Dataset content.
***

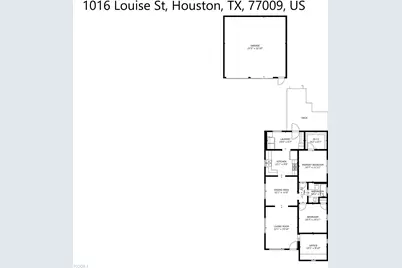 1016 Louise Street, Houston, TX 77009 - Photo 35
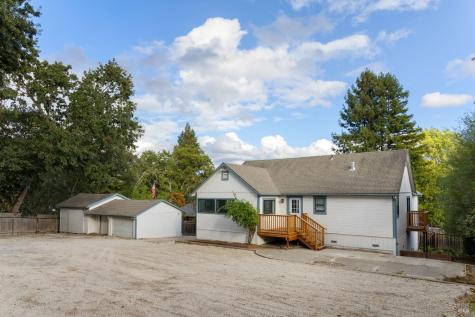 377 Maple Avenue Cotati CA 94931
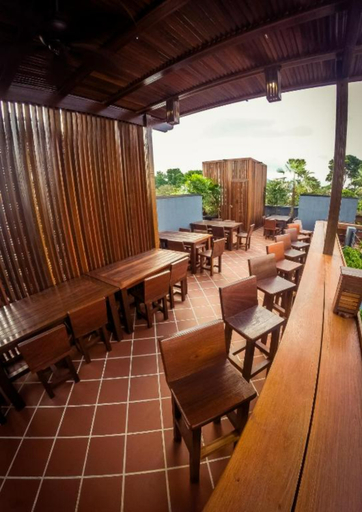 Food & Drinks 5, Ipoh Bali Hotel, Kinta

***

Work order. The final stretch of the data, from the line with "377 Maple Avenue Cotati CA 94931" through its last line, is to be retyped exactly; pictures are not part of the copy.

Finished exercise.
 377 Maple Avenue Cotati CA 94931
 Food & Drinks 5, Ipoh Bali Hotel, Kinta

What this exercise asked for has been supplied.